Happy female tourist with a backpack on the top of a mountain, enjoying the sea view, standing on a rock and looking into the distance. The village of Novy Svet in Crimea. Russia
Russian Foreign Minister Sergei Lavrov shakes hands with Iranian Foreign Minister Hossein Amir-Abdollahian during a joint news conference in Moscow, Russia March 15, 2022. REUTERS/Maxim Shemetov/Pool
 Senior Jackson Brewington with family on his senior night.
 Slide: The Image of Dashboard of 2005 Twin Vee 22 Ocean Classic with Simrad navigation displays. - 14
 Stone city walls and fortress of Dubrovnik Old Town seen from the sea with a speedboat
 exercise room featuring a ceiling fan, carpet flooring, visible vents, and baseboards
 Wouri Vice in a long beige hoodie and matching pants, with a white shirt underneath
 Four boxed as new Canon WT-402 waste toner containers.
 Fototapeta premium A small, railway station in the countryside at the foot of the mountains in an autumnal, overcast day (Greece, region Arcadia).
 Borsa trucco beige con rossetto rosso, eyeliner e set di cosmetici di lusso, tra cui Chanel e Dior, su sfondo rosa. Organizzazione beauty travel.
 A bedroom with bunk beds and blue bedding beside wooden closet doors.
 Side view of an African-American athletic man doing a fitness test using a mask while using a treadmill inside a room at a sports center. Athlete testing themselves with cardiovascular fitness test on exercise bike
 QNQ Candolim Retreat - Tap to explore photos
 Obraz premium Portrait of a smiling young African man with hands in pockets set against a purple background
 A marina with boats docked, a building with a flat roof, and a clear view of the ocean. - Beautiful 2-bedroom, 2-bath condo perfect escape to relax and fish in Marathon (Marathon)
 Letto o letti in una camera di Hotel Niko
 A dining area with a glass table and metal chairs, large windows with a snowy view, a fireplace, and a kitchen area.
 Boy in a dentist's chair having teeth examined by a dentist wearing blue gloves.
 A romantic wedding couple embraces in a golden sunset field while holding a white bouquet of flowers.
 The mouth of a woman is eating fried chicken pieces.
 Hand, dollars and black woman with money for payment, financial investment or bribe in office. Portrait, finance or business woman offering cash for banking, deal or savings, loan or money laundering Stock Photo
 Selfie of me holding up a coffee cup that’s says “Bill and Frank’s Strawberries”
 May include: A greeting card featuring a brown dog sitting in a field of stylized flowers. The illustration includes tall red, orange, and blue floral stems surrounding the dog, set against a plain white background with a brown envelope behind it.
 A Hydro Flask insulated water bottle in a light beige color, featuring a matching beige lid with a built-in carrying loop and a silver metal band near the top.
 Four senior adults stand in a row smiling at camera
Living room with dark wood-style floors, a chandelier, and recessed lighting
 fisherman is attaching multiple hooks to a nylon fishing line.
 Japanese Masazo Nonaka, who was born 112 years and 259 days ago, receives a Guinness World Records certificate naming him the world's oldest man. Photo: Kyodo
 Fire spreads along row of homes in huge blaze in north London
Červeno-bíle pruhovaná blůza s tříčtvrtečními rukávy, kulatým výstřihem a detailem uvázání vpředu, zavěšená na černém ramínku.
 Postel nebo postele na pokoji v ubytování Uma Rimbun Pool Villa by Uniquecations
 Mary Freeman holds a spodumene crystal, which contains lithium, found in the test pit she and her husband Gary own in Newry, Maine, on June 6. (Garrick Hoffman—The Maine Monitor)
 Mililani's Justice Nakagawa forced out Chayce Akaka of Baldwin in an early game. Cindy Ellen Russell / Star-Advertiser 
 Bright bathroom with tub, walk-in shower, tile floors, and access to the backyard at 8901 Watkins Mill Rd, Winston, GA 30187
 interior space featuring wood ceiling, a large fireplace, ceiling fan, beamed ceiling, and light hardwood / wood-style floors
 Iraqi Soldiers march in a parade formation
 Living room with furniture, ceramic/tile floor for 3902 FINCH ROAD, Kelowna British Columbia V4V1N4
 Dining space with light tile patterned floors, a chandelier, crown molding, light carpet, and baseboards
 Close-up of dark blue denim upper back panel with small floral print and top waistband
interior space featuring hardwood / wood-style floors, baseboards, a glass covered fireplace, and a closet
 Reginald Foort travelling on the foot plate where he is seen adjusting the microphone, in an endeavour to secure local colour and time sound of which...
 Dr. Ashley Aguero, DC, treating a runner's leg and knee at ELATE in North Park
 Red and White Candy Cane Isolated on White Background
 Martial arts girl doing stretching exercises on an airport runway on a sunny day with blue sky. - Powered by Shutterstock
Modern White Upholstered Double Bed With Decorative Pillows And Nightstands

> [Activity] Your answer should consist solely of the lines above from the line with "Červeno-bíle pruhovaná blůza" to the line with "Postel nebo postele", both included, reproduced exactly.

> [Solution for this task]
Červeno-bíle pruhovaná blůza s tříčtvrtečními rukávy, kulatým výstřihem a detailem uvázání vpředu, zavěšená na černém ramínku.
 Postel nebo postele na pokoji v ubytování Uma Rimbun Pool Villa by Uniquecations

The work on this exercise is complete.